Provided data:
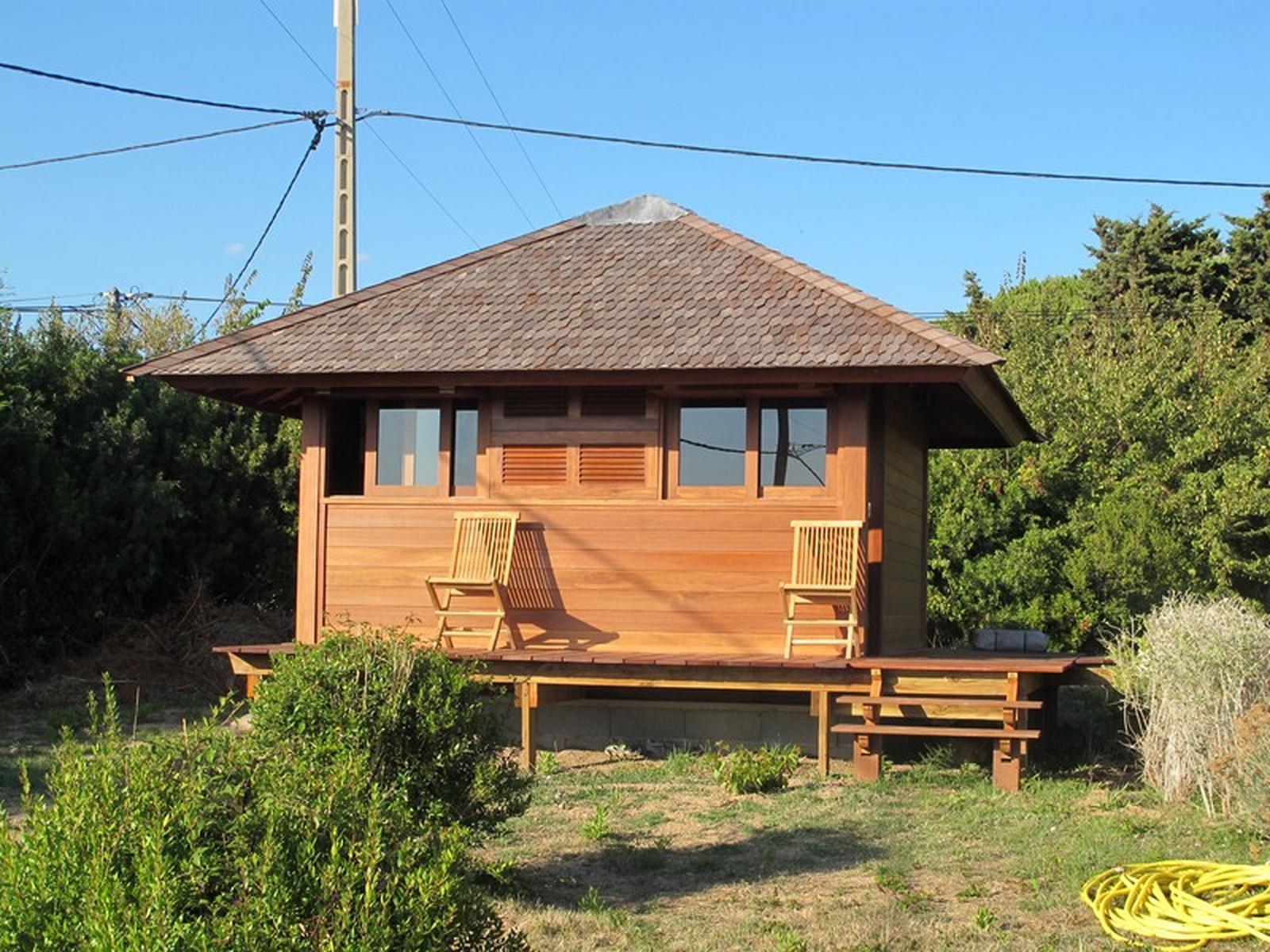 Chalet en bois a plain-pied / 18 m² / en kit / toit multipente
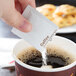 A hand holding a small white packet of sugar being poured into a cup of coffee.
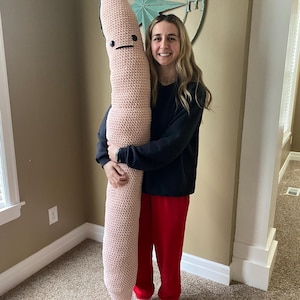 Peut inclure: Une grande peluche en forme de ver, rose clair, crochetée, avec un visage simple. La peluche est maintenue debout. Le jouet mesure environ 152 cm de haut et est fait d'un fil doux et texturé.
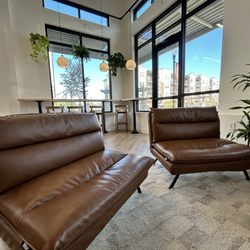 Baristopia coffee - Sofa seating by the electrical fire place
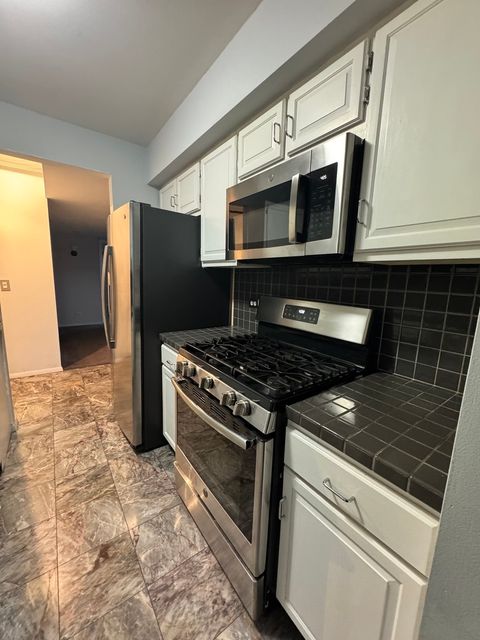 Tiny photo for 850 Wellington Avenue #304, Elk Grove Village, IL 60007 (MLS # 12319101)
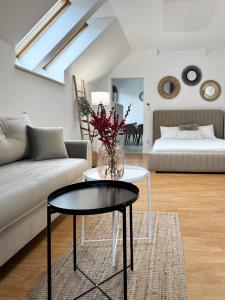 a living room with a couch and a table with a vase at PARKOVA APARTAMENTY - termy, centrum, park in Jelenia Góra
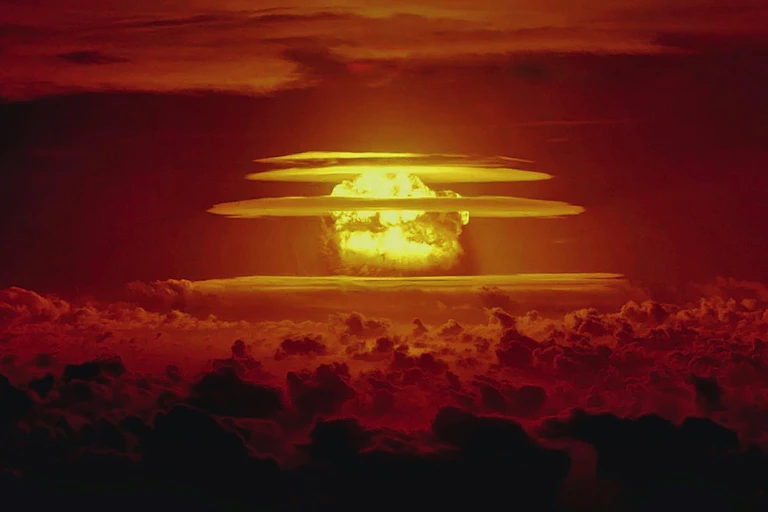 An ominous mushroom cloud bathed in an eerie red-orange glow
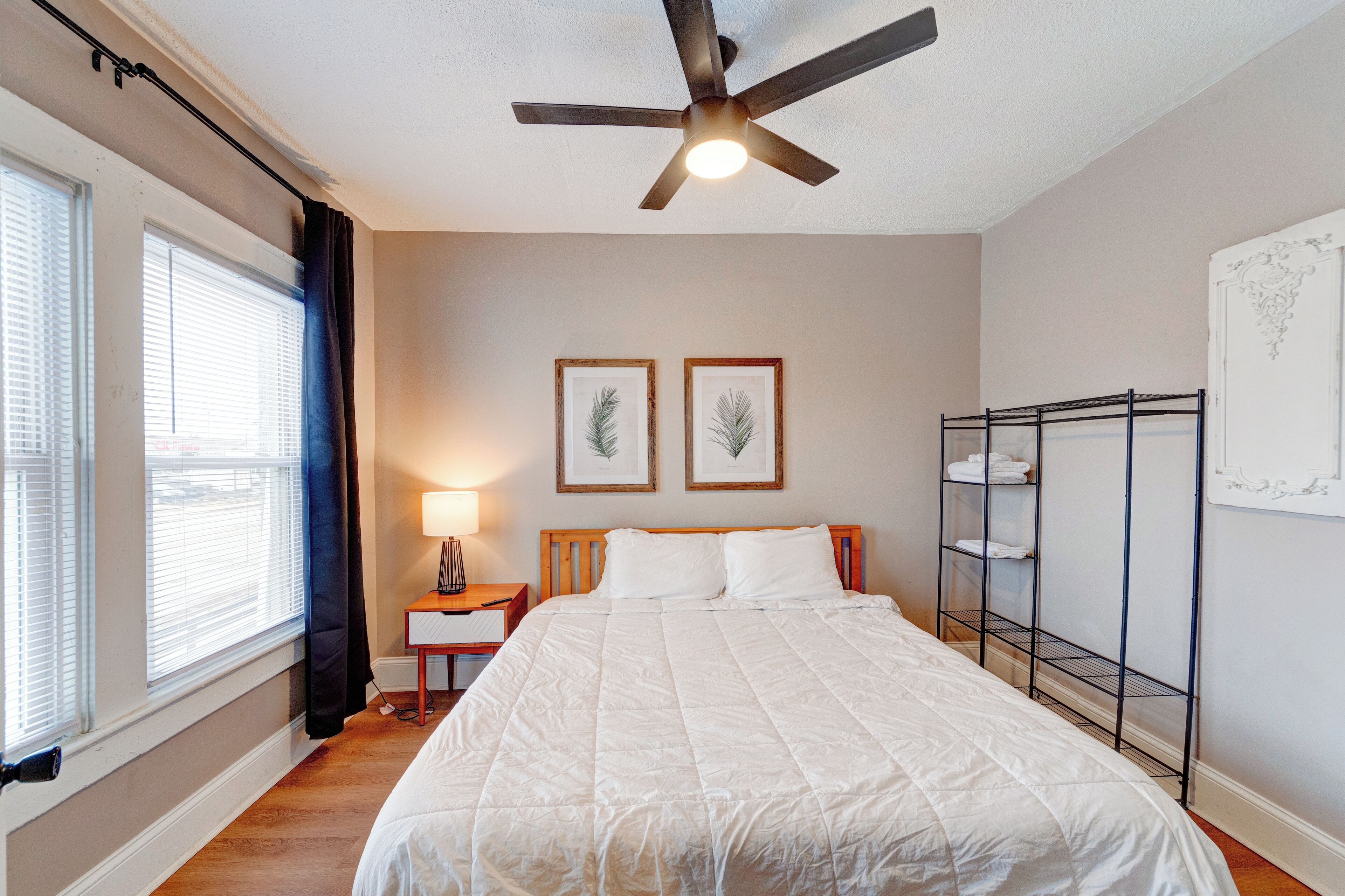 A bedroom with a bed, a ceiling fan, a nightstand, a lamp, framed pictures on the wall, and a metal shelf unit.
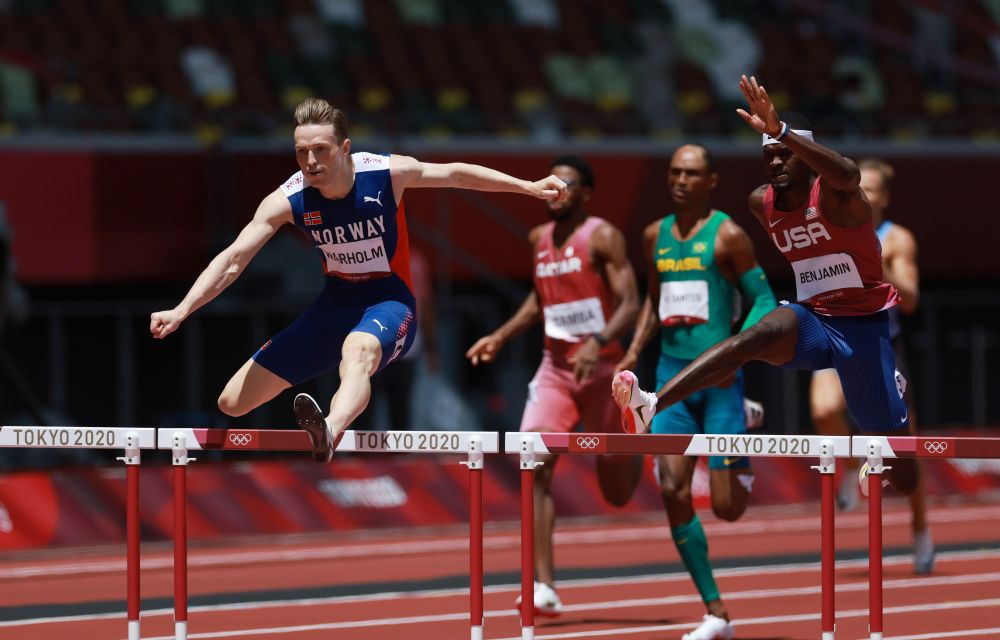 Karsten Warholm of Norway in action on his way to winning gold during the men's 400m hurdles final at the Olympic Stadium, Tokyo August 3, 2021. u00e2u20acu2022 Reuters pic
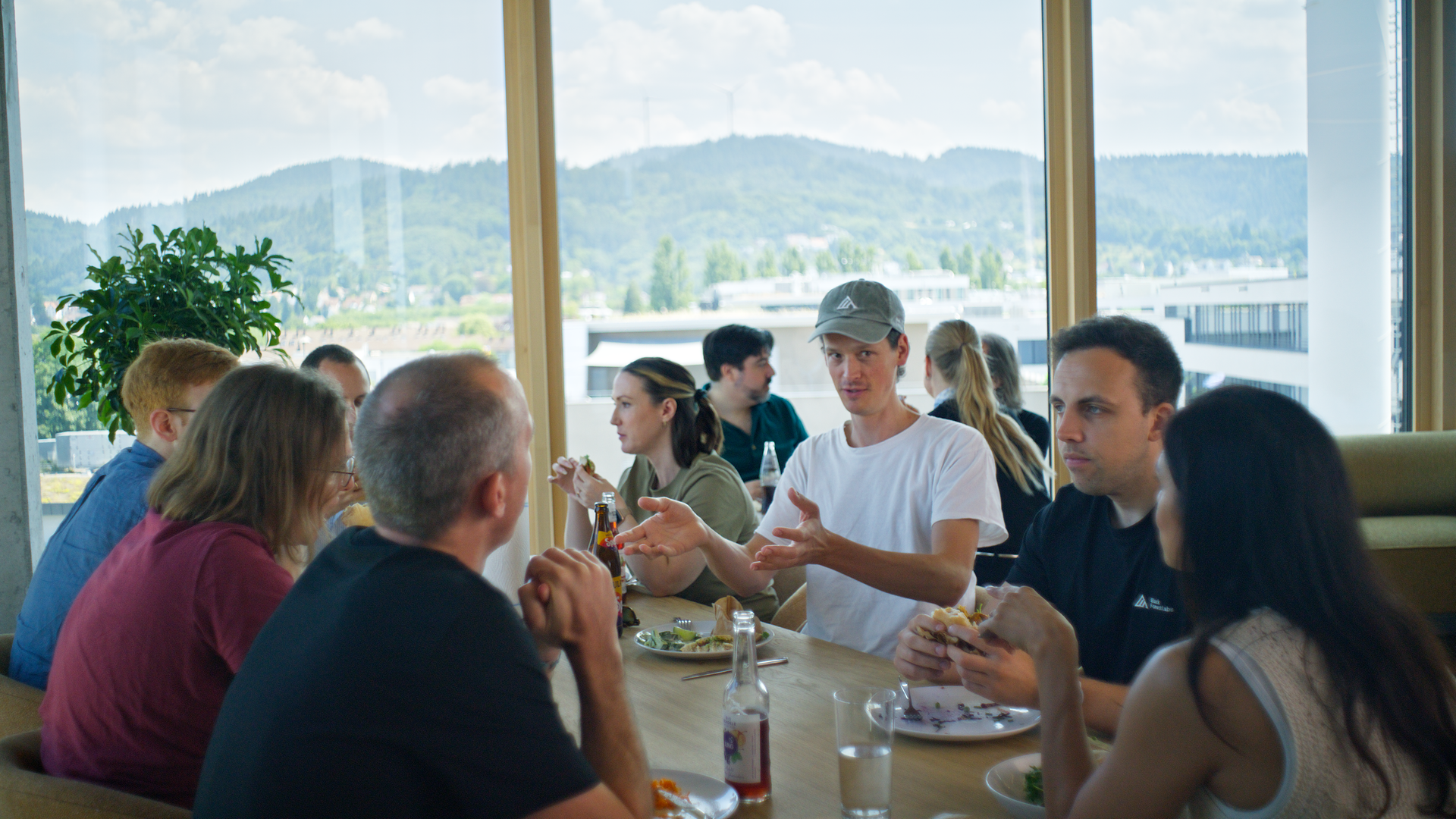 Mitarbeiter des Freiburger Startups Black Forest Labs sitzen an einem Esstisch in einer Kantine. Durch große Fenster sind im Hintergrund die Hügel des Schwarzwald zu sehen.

Task details: Copy nothing but the lines above from the one with "Karsten Warholm of" through the end of the material, word for word, and drop the pictures.

Response to this exercise:
 Karsten Warholm of Norway in action on his way to winning gold during the men's 400m hurdles final at the Olympic Stadium, Tokyo August 3, 2021. u00e2u20acu2022 Reuters pic
 Mitarbeiter des Freiburger Startups Black Forest Labs sitzen an einem Esstisch in einer Kantine. Durch große Fenster sind im Hintergrund die Hügel des Schwarzwald zu sehen.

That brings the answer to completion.